Many farmers choose randomly the hens they want to use for hatching even if it has been spoiling eggs before hoping for a change. It is hard for a hen to improve the way it hatches unless the farmer is careful with his selection. That is why today I will take the opportunity to teach you on simple ways to select a brooder that will hatch you all the eggs that you will give it without spoiling even one.
Poultry farming is just like any other job that requires hard work, never give up attitude and full dedication as you exercise patience till you are successful in the business. However, it is important for you to note that young hens tend to be the best choice when choosing a brooder when compared to old hens.
Characteristics of a good and bad brooder
Many farmers ignore the age factor and believe that the older the hen the better chances of hatching. Which is not the case and that is where they fail. Young brooders are best in hatching since they have the ability to produce young and warm energy while sitting on top of eggs as opposed to old that have gaied a lot of weight and are heavy.

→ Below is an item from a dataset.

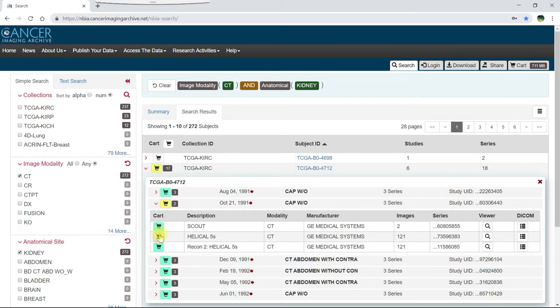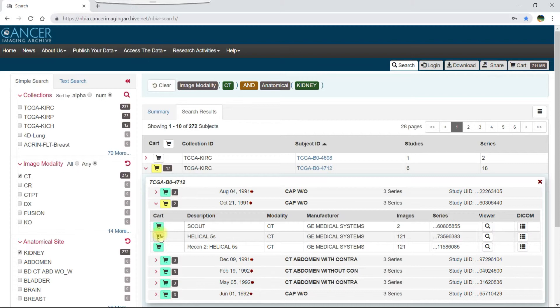Notice that now that you have selected only partial image results, the cart icon for the subject and the study or time point are now yellow.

In addition, young hens will show the same traits of care and protection during hatching as they will be very aggressive when an enemy comes close to them and even after hatching. How can a farmer tell the difference between a young and an old broody hen? Look at the comb as young hens have an upright and steady comb while an old hen has an overlapping or fallen comb.
A young hen will have a shorter spur while an old hen will have long and huge spur on both legs. A young hen will have shorter earlobes and wattles while an old hen will have long and strong earlobes and wattles. A young hen will have a light, short and soft beak while an old hen will have long and strong beaks. A young hen will have short tail feathers while an old hen will have long and broom like tail feathers.
However, there are some breeds of hens with fallen combs even when they are young which might be confusing to a farmer. That is why I advise you to consider the type of chicken breed you keep. If that is the case then check out for the number of time it lays eggs in a week and you can tell the age easily as old hens skip one or two days while young hens lays eggs regularly.
Old hens reduce the number of laying eggs and skip one or two days before they hatch another egg. The trait will even get worse as they age that they will stop laying eggs yet they will show signs of brooding. This is common and should be an important thing for a farmer to notice and at no time should a farmer be tempted to put the hen on top of eggs as it will dissapoint with hatching.
Young hens are aggressive and lay eggs on a daily basis if they are fed well with the right food. This is an easy factor to consider when dispatching eggs to brooders as old hens will lack the ability to hatch successfully. During hatching if a farmer is attentive enough will notice that immediately the hatching begins a young hen will be very aggressive to break the egg shells and release the chicks out which is not the case with old hens.
Note:- Old hens can be sold to give space to new and young hens. The income generated from the sale can be recycled back in medication and buying of food for the other poultry.